Les Canons opus 130 de Brahms déploient une admirable diversité expressive, rendue ici avec une sobriété aussi émouvante qu’efficace. On retiendra les accents mystérieux du «Göttlicher Morpheus» ou de «Grausam erweiset sich Amor an mir», contrastant avec le frémissement ludique de «Wille, wille will der Mann ist kommen», qui puise son inspiration aux sources populaires. Les quatre pièces de l’Opus 17 révèlent un autre aspect d’une économie musicale sensible à la création littéraire. Le panorama ne saurait oublier la figure de Schumann, dont on reconnaît l’intimité tendre dans le Wiegenlied – arrangé avec finesse par Vincent Manac’h, également à l’œuvre pour la réécriture des sonneries pour cor – tandis que «Meerfey», et plus encore «In Meeres Mitten» respirent le grand large poétique et mystique qu’une Lorelei ne renierait pas. Si la Ständchen D. 920 offre une version plus développée de la sérénade que son pendant plus galvaudé, le Lacrimosa D. 131b retentit d’une foi à la mesure de sa polyphonie, quand Coronach s’affirme comme un joyau absolu. On ne manquera pas la transcription délicate d’une page de Heinrich Isaac, Innsbruck ich muss dich lassen, redonnée en bis.


Résolument tournée vers la nouvelle génération, cette journée du mercredi 15 est aussi placée sous le signe du voyage, à l’image de celui que propose Louise Moaty avec sa lanterne magique pour Cage et Satie. Quoique rodé par plus d’une tournée, le spectacle garde intacte une remarquable fraîcheur. Entre illusion et complicité avec le spectateur, le dispositif scénographique fait vivre toute une poésie d’ombres et de presque rien, sans jamais se prendre davantage au sérieux qu’une musique à la fantaisie assumée, jusqu’au piano préparé – et même au jouet – sous les doigts d’Alexeï Lubimov.

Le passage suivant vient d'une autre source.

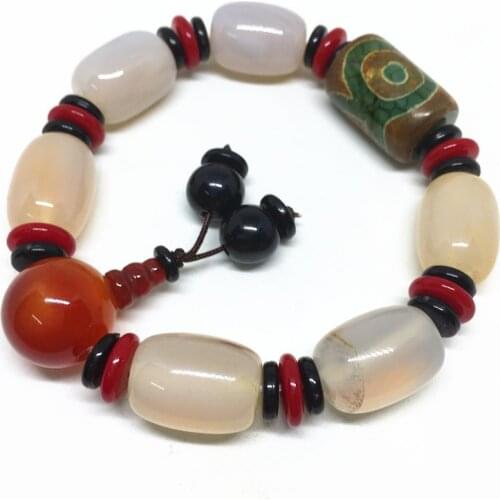 High Quality Green Three Eyes Dzi Beads Amulet with White Agate Stone Tibetan Dzi Beads Bracelet for Men & Women Fine Jewelry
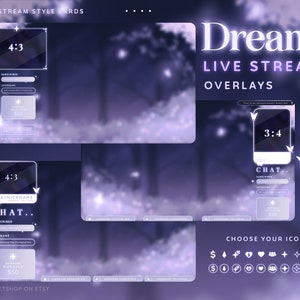 May include: A set of purple and white digital overlays for live streaming on Twitch or YouTube. The overlays feature a dreamy forest background with glowing lights and butterflies. The overlays include a chat box, a subscriber box, a donation box, and a timer. The overlays also include a set of icons to choose from, including a dollar sign, a star, a heart, a plus sign, a crown, and a butterfly.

Le temps semble suspendre son souffle dans cette créativité plus vive que la matière, qui sollicite le public sans l’assujettir à l’intellect: un joli exemple de liberté. Mentionnons enfin le concert de midi donné par l’Ensemble Baroque Atlantique avec un choix de sonates, confirmant que la relève est assurée, et que l’arc aquitain y tiendra son rôle – Raphaël Pichon et Pygmalion sont en résidence à Bordeaux depuis la saison écoulée.